Dava açılmadan önce güncellenmiş değeri 30 TL bir ödeme yapılmış olması durumunda mahkemenin uyguladığı gibi öncelikle yapılan ödeme tazminattan indirildiğinde 70 TL tazminat kalacak. Bu miktar üzerinden hatır indirimi ve müterafik kusur indirimi olarak toplam %40 oranın da yani 28 TL indirim yapıldığında ödenmesi gereken nihai tazminat 70-28=42 TL olacaktır. Bu durumda yapılan 30 TL güncellenmiş ödeme ve karar altına alınacak 42 TL olmak üzere toplam ödenen tazminat 72 TL olarak belirlenmektedir.
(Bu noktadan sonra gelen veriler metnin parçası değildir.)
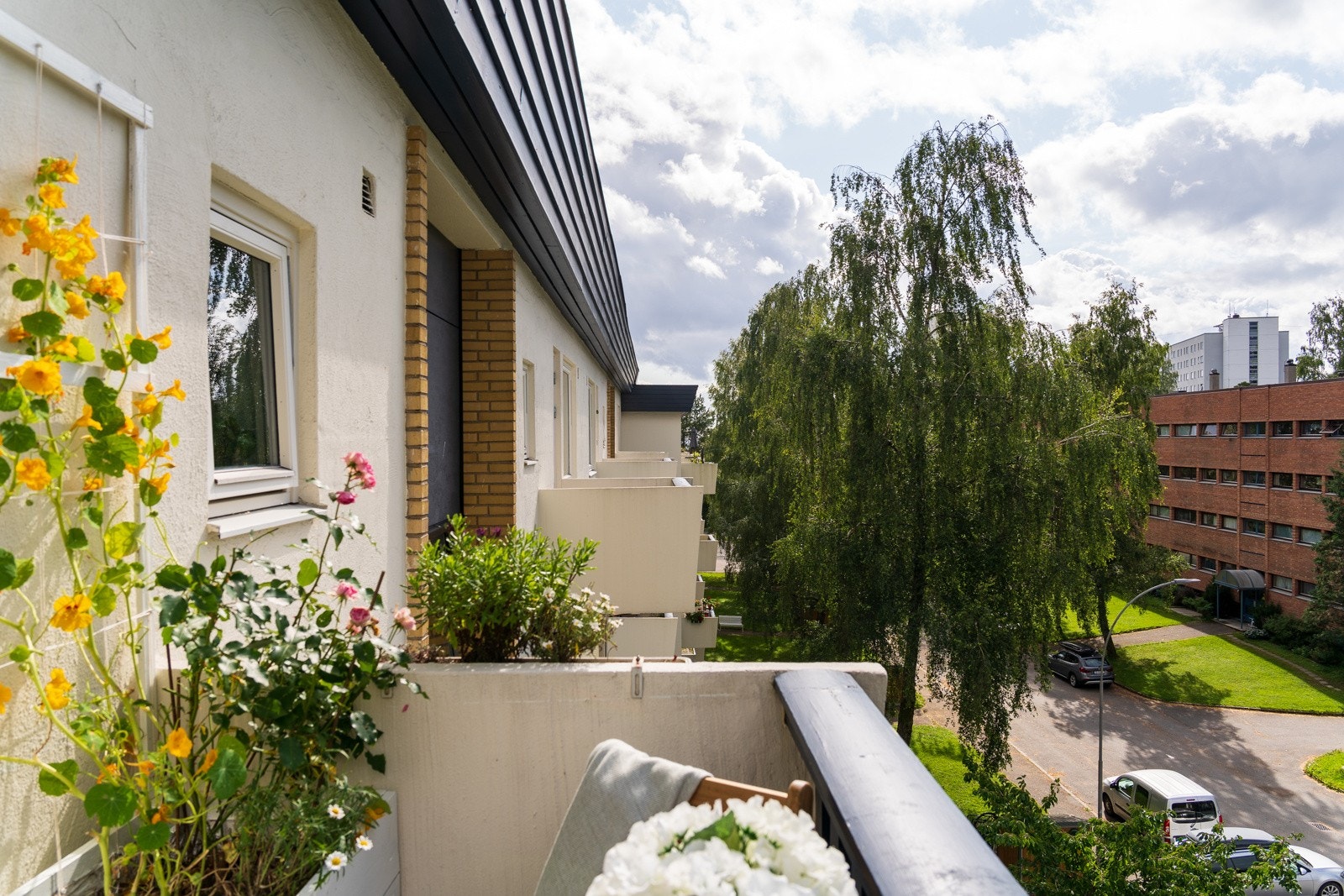 Vestvendt og solrik balkong. Galleribilde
Kanunda belirtilen ve savunduğumuz sıralama uygulandığında yani 100 TL tazminattan önce hatır indirimi (TBK 51. Mad. BK 43. Mad.) ve müterafik kusur indirimi (TBK 52. Mad. BK 44. Mad.) olarak %40 oranında yani 40 TL indirim yapıldığında nihai tazminat 60 TL olarak belirlenecektir. Buradan 30 TL güncellenmiş ödeme düşüldüğünde karar altına alınması gereken tazminat 60-30=30 TL olarak belirlenecektir. Bunun sonucu olarak 30 TL güncellenmiş ödeme ve 30 TL ödenmesi gereken tazminat olmak üzere 30+30=60 TL tazminat ödenmiş olacaktır.
Görüldüğü gibi tazminattan önce yapılan ödeme düşülüp daha sonra müterafik kusur ve hatır indirimi yapıldığında toplam ödenen miktar 72 TL olurken hiç ödeme yapılmaması durumu ve ödeme yapılması durumunda önce hatır indirimi ve müterafik kusur indirimi yapılması ve daha sonra güncellenmiş ödemenin mahsubu durumunda verdiğimiz örneğe göre eşit yani 60 TL tazminat ödenmiş olacaktır. Nitekim Yargıtay 11. HD 06.11.2008 Tarih 2007/3948 Esas, 2008/12426 Karar sayılı ilamı da bu yöndedir.
Bu haliyle güncellenmiş ödemenin borcu sündüren niteliği gereği en son mahsup edildiğinde adalete uygun bir tazminat belirlenmiş olacağından mahkemenin indirim sıralamasına ilişkin kararı doğru olup, bozma sebebi yapılmaması gerekirken, kararın bu yönden de bozulması yönündeki çoğunluğun görüşüne katılmıyoruz.